Suppose you decide to invest in a new account that offers continuously compounding interest. You decide to invest $50 for a period of 3 years with an interest rate of 7%. The bank tells you that you can calculate how much will be in your account at the end of the 3 years by calculating the composition of two formulas (f o g)(3), where f(t) = 50e^(t) and g(t) = t * .07. How much money do you have in the account after 3 years? Round to two decimal places.
The composition of two formulas means that (f o g)(3) = f(g(3)). First, let's find g(3) by plugging t=3 into g(t): g(3) = 3 * .07 = .21. Next, let's plus g(3) into f(t), f(g(3)) = 50e^(.21) = 61.68
Suppose you've conducted a survey about whether your classmates believe in mermaids. According to your results, 8% of your classmates actually believe in mermaids. If you surveyed 30 classmates, what's the average number of classmates who believe?
This is a binomial problem in statistics. You can recognize that it's binomial problem because we are given a fixed number of trials (30 classmates) that are independent of each other, where each can only have two possible outcomes (believing or not). We can find the average of a binomial distribution by simply multiplying the given probability of a success by the number of trials. Therefore, the average number of classmates who believe is: .08 * 30 = 2.4.
If x represents the sum of y and 4, and y represents the product of x and -3, what value is x?
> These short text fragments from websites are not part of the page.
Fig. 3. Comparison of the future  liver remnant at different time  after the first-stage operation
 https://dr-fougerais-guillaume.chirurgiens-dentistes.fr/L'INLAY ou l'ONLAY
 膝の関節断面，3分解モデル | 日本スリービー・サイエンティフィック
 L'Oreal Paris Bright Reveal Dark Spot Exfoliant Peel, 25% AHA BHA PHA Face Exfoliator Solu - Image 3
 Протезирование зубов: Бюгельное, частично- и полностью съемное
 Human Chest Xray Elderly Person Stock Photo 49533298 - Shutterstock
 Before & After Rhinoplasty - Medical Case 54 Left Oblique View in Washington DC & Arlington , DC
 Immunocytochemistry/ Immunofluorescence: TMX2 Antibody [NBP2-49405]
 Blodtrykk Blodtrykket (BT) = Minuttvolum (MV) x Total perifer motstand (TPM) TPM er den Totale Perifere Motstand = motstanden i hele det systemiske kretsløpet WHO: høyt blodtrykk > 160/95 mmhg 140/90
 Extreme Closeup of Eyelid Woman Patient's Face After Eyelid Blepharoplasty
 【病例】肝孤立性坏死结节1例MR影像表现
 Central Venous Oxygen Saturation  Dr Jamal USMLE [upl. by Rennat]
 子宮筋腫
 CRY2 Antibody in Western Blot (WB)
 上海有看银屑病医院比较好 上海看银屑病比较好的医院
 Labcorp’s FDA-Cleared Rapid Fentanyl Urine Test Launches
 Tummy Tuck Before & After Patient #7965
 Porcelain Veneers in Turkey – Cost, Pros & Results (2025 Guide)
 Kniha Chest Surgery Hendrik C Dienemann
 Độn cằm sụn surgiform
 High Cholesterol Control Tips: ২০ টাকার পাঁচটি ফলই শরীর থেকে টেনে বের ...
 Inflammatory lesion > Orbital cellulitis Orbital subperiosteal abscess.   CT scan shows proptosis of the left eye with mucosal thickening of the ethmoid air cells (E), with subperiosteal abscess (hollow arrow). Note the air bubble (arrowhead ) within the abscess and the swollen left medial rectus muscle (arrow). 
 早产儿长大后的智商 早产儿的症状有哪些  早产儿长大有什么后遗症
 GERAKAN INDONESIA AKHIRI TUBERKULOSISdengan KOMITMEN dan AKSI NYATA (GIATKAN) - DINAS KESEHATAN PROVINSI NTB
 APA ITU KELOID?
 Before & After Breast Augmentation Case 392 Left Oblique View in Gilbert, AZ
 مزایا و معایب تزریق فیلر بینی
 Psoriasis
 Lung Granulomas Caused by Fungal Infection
Given in the problem: x = y + 4 and y = (-3)x. We can substitute the second equation into the first. This means that every time we see a "y" in the first equation, we can rewrite it as "(-3)x" instead. Then, x = (-3)x + 4. Now we just need to get x by itself. First we subtract (-3)x from both sides, which gives us x - (-3)x = (-3)x + 4 - (-3)x x + 3x = 4 4x = 4 Dividing both sides by four gives us the final result: x = 1.